İlkokul günlerimde karne tatili de Şubat ayında oluyordu. Tatilde kır bayır dolaşır, sarı çiğdemlerin topraktan çıkışını gözlerdim. Gördüğüm çiğdem oymaklarını yıl boyu hiç unutmazdım. Açık mor renkli olanlarına “öksüz çiğdem” diyorduk, bizim gözümüzde bir değeri yoktu, asıl çiğdem, sarı çiğdemdi.
Çiğdemler çıkınca kızlı erkekli sekiz on çocuk birleşir, çiğdem toplamak için yazıya giderdik. Öncesinde de yabani erik ağaçlarının dallarından iki karış boyunda sivriç yapardık. Erik dalı çok sağlam olurdu. Sivriçlerimizi günler öncesinde hazır ederdik. Bir de en dikenlisinden büyük karaçalı koparırdık.

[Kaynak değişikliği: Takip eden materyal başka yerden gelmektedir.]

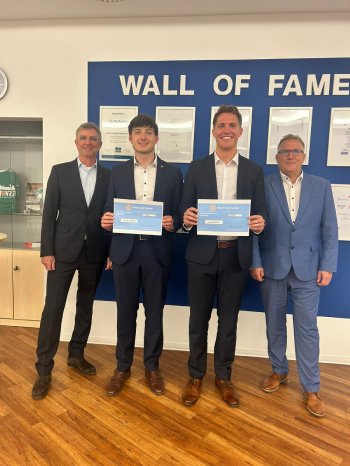 Bild_1_Die_beiden_ausgezeichneten_Studierenden.jpg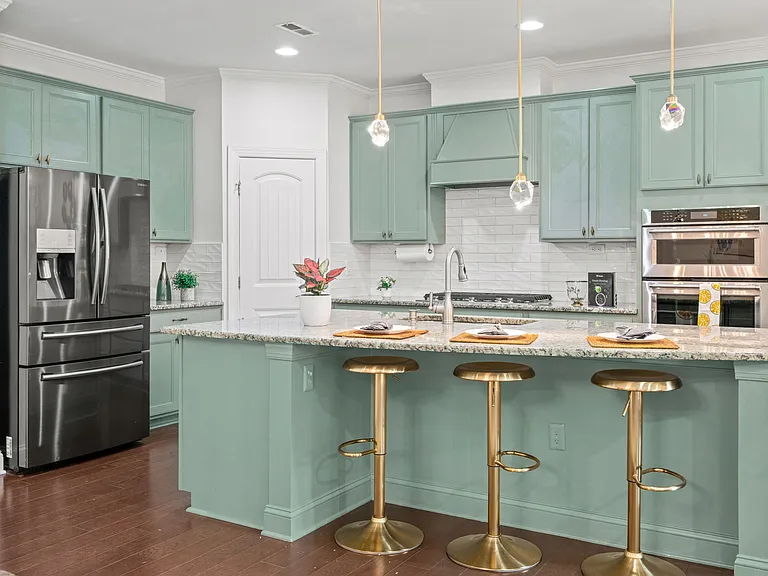 329 Castle Rock Ln — Photo 6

Çiğdemlik yazısına gidene kadar hoplaya zıplaya oynardık. Sarı çiğdemleri, sivricimizi birkaç santim uzağından toprağa sapladığımız gibi yumrulu kökleriyle beraber çıkarırdık. Köklerindeki toprağı elimizle ufalayarak temizlerdik.
Topladığımız çiğdemlerin köklerini, karaçalının dikenlerine batırırdık; çalı adeta çiğdem tarlasına dönüşürdü. Sonra da ellerimizde çalılar:
“ Çiğdem çiğdem çiçecik
Emmimoğlu küçecik
Yağ verenin oğlu olsun
Bulgur verenin kızı olsun
Hiç vermeyen çatlasın ölsün”
diye mani söyleyerek köydeki evlerin tamamının kapısını tek tek çalardık.
Genellikle hiçbir kapıdan boş dönüşmezdi. Çocuksuz gelinler, oğulsuz analar başta olmak üzere herkes bize bulgur, yağ, et ve salça verirdi.
Aramızdan birinin annesi de dışarıda ocak yakıp bulgur pilavı pişirirdi. Pişmek üzereyken topladığımız çiğdemlerin kök ve çiçeklerini pilava katardık. Pilavımızı oradan gelip geçenlere ikram eder, iştahla yediklerini görünce de anlamsızca gülerdik. Çocukluk işte, ne yapsak ne duysak her şeye hep gülerdik.